Highly visual and containing contributions from leading names in landscape, architecture and design, this volume provides a rare insight into people's engagement with the outdoor environment; looking at the ways in which the design of spaces and places meets people's needs and desires in the twenty-first century.
Embracing issues of social inclusion, recreation, and environmental quality, the editors explore innovative ways to develop an understanding of how the landscape, urban or rural, can contribute to health and quality of life.
Open Space: People Space examines the nature and value of people's access to outdoor environments. Led by Edinburgh's OPENspace research centre, the debate focuses on current research to support good design for open space and brings expertise from a range of disciplines to look at:
- an analysis of policy and planning issues and challenges
- understanding the nature and experience of exclusion
- the development of evidence-based inclusive design
- innovative research approaches which focus on people's access to open space and the implications of that experience.

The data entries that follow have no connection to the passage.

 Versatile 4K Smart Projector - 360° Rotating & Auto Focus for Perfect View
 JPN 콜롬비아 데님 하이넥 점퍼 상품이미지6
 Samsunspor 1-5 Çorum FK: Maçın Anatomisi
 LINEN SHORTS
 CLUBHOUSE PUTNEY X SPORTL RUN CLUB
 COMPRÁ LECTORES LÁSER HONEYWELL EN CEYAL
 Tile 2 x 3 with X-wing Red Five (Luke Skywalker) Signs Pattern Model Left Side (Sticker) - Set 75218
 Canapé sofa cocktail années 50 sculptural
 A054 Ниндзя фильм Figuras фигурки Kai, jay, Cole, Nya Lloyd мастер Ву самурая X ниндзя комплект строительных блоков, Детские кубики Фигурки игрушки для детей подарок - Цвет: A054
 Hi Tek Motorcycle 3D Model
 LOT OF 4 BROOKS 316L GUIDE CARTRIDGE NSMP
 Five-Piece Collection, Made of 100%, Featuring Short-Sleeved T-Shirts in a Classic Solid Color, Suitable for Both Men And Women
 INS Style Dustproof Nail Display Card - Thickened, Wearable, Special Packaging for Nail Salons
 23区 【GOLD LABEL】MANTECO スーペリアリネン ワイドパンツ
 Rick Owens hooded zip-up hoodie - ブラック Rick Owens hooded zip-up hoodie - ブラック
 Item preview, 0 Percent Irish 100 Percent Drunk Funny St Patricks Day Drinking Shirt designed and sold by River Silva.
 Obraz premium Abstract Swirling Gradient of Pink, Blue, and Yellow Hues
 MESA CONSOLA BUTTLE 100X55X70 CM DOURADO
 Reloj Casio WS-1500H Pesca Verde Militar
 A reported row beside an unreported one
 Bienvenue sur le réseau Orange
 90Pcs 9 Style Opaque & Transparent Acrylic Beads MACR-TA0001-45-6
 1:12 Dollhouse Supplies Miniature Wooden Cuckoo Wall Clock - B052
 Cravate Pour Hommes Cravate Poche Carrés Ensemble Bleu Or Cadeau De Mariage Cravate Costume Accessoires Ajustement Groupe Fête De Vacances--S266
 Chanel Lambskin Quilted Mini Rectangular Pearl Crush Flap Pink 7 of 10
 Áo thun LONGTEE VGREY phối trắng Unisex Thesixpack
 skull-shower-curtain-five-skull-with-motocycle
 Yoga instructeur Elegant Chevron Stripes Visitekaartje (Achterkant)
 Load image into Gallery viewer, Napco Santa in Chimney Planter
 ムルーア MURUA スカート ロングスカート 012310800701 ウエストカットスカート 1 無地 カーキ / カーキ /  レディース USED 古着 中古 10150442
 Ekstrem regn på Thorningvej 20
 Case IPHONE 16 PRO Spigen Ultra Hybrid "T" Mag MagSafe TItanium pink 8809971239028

Invaluable to policy makers, researchers, urban designers, landscape architects, planners, managers and students, it is also essential reading for those working in child development, health care and community development.
About the Author: Catharine Ward Thompson is Research Professor of Landscape Architecture at Edinburgh College of Art. She is Director of OPENspace based at Edinburgh College of Art and Heriot-Watt University. Her award-winning research on historic urban parks and contemporary needs has led to projects exploring children's and young people's landscapes, the importance of outdoor access for older people and salutogenic environments for all.
Penny Travlou is Research Fellow at OPENspace and Lecturer in Cultural Geography and Visual Culture at the Centre for Visual and Cultural Studies at Edinburgh College of Art. Her work includes, among other themes, research on young people's perceptions and use of public open space in Edinburgh, supported by the Carnegie Trust and the British Academy, as well as broader explorations of young people's engagement with outdoor places.